Dr Lothar Schermelleh studied Biology at the Ludwig Maximilian University Munich, where he obtained his doctorate under the mentorship of Thomas Cremer in 2003. During this time, he established bespoke chromatin labelling and 4D imaging approaches to analyse cell cycle-dependent chromosomal dynamics.
He later joined the group of Heinrich Leonhardt, where he investigated the role and regulation of a key epigenetic factor DNA methyltransferase 1 (Dnmt1), using bespoke quantitative single-cell imaging and FRAP analysis pipelines. During a research stay in the lab of John Sedat (UCSF), he became the first to successfully apply super-resolution 3D structured illumination microscopy (3D-SIM) to study complex biological structures, namely the three-dimensional organisation of the nuclear periphery, published in a landmark 2008 Science paper.
In 2011, Lothar took up a Senior Research Fellow position at the University of Oxford, where his group further advanced super-resolution 3D imaging to study mammalian chromatin domain organisation in the context of epigenetic gene regulation. He also contributed to the discovery of de novo chromatin domain formation required for DNA double-strand break repair, and to elucidate molecular processes underpinning X-chromosome inactivation. Besides, his group developed protocols and computational analysis tools for standardised quality control of super-resolution SIM data.
In 2020, Lothar was named Associate Professor and became Academic Director of the Micron Bioimaging Facility.

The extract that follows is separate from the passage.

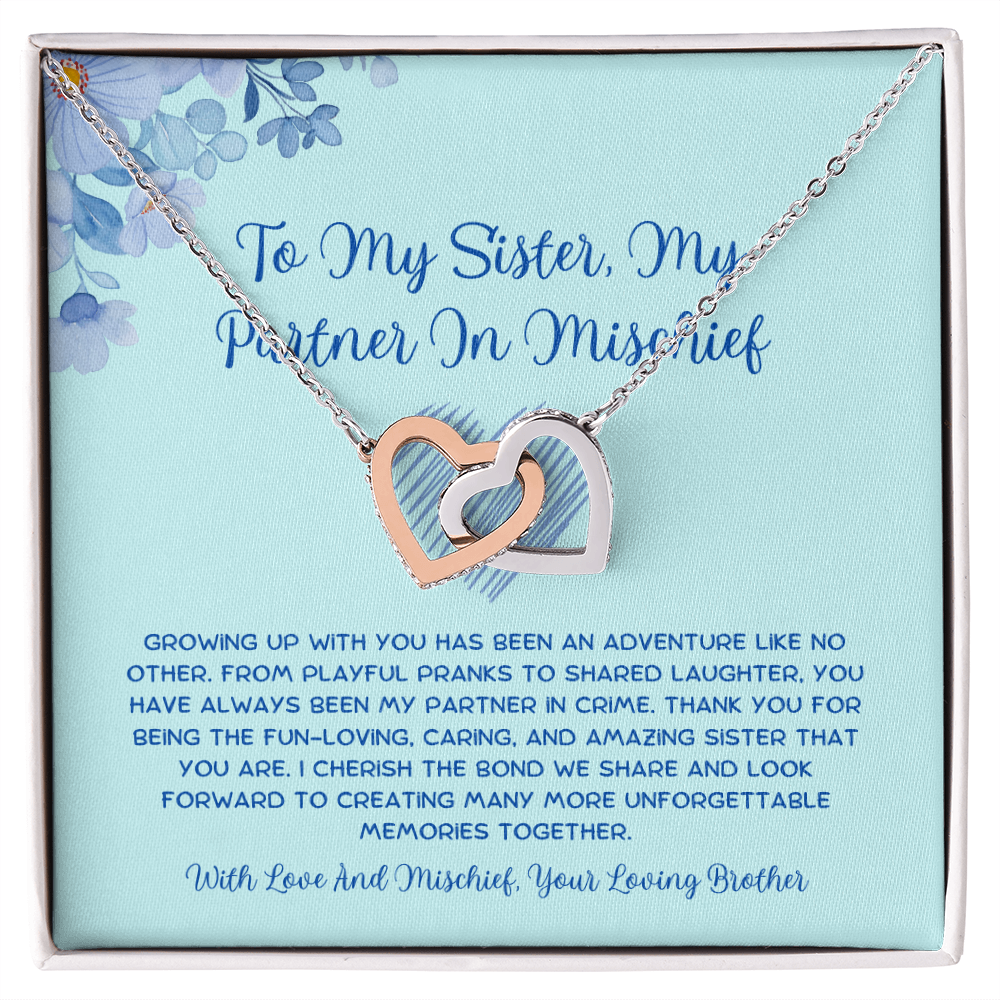 To My Sister, My Partner In Mischief - From Brother To Sister Interlocking Hearts Necklace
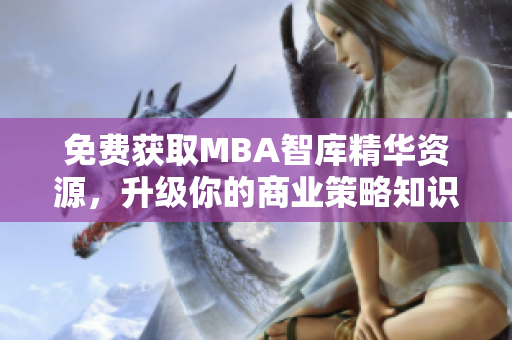 免费获取MBA智库精华资源，升级你的商业策略知识！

His publications have been cited >12,000 times (h-index 49; Google Scholar, Feb 2023), demonstrating his significant contribution to the development and cell biological application of advanced microscopy methods.

Hari Shroff

Janelia Research Campus, USA

Dr. Hari Shroff received a B.S.E. in bioengineering from the University of Washington in 2001, and under the supervision of Dr. Jan Liphardt, completed his Ph.D. in biophysics at the University of California at Berkeley in 2006. He spent the next three years performing postdoctoral research in Eric Betzig’s lab at the Howard Hughes Medical Institute's Janelia Research Campus where his research focused on the development of photoactivated localization microscopy (PALM), an optical super-resolution technique that earned Betzig a share of the 2014 Nobel Prize in Chemistry. For the next thirteen years, Shroff headed the Laboratory of High Resolution Optical Imaging at the National Institute of Biomedical Imaging and Bioengineering at the National Institutes of Health, working to improve fluorescence microscopy methods suited for volumetric time-lapse (‘4D’) imaging. Commercialized inventions from this period include dual-view selective plane illumination microscopy (diSPIM) and instant super-resolution microscopy (iSIM). Shroff recently returned to Janelia, where he continues to push the envelope in biological imaging. Current areas of research include adaptive optics, deep learning, and the study of brain development in simple organisms.